Reason i ask, i'm looking at getting an lincoln ironman 230 mig welder and spoolgun to run al.


----------



## Ocean Master (May 20, 2008)

I can answer that. TIG

No spool guns..


----------



## Snatch it (Feb 17, 2009)

Ocean Master said:


> I can answer that. TIG
> 
> No spool guns..


 that's what I was gonna say.. He's hold tig wire in one hand:thumbsup:


----------



## The Maintenance Shoppe (Nov 5, 2007)

With Aluminum TIG is the ONLY WAY TO GO. You need to do some research on what an aluminum mig weld looks like. tig welding aluminum uses an A/C voltage. Mig can only produce dc negative or positive. You can weld aluminum with mig, but it is not pretty or strong.

Mig welder $800
Tig welder $5000


----------



## speckledcroaker (Mar 23, 2012)

Wirelessly posted

preciate the info been a aircraft mech for 38 years , went through welding school but have not run a tig for many moons.


----------



## speckledcroaker (Mar 23, 2012)

Wirelessly posted

Trying to see how i can run this by the boss. Baby i luv u but i need a new mig welder its only 1500 bucks its for metal , and by the way i need a tig welder to, it's only 5000$. But i can weld all kinds of things then. What you all think? Have i got a chance?


----------



## The Maintenance Shoppe (Nov 5, 2007)

speckledcroaker said:


> Wirelessly posted
> 
> Trying to see how i can run this by the boss. Baby i luv u but i need a new mig welder its only 1500 bucks its for metal , and by the way i need a tig welder to, it's only 5000$. But i can weld all kinds of things then. What you all think? Have i got a chance?

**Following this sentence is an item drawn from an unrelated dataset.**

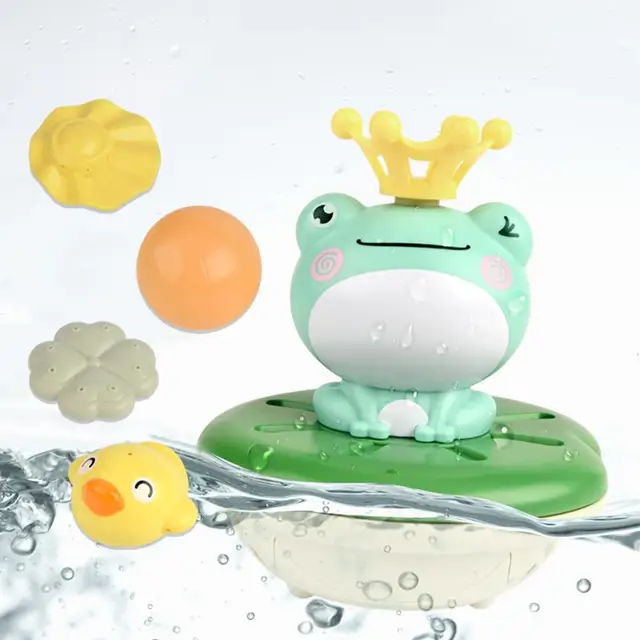 Baby Bath Toys For Children Korea Hot sale Cartoon Animal Frog Sprinkler for Kids Water Toys Swimming Bath Toy Children's Toys 1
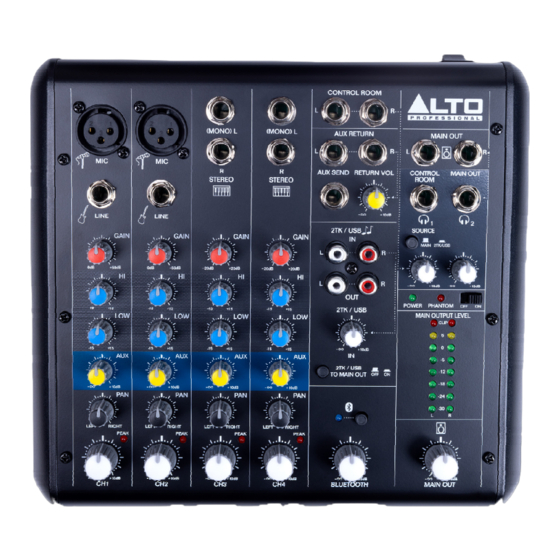 Alto Professional TrueMix 600 Manuals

What thickness steel do u plan to weld?


----------



## speckledcroaker (Mar 23, 2012)

Wirelessly posted

usually 1/4 inch


----------



## panhandleslim (Jan 11, 2013)

speckledcroaker said:


> Wirelessly posted
> 
> Trying to see how i can run this by the boss. Baby i luv u but i need a new mig welder its only 1500 bucks its for metal , and by the way i need a tig welder to, it's only 5000$. But i can weld all kinds of things then. What you all think? Have i got a chance?


Buy it and when you bring it home, have a tray of meat on the top and tell her that it's a new electric grill.


----------



## speckledcroaker (Mar 23, 2012)

Wirelessly posted

been wanting to get a tig for quite some time


----------



## The Maintenance Shoppe (Nov 5, 2007)

A Millermatic 180 cost $800 and will weld 5/16" with ease. I had 1 and loved it. I got it at Wesco welding supply on Hwy 29.


----------



## Breeze Fabricators (Oct 2, 2007)

A good used 250 will run 1500. Add a used water cooler 400. Hand controlled 25 ft. Torch rig 100. Argon flometer 75. I watch for them all the time. Let me know if your seriously on the hunt and I'll help you anyway I can.


----------



## Mac1528 (Mar 24, 2012)

Breeze Fabricators said:


> A good used 250 will run 1500. Add a used water cooler 400. Hand controlled 25 ft. Torch rig 100. Argon flometer 75. I watch for them all the time. Let me know if your seriously on the hunt and I'll help you anyway I can.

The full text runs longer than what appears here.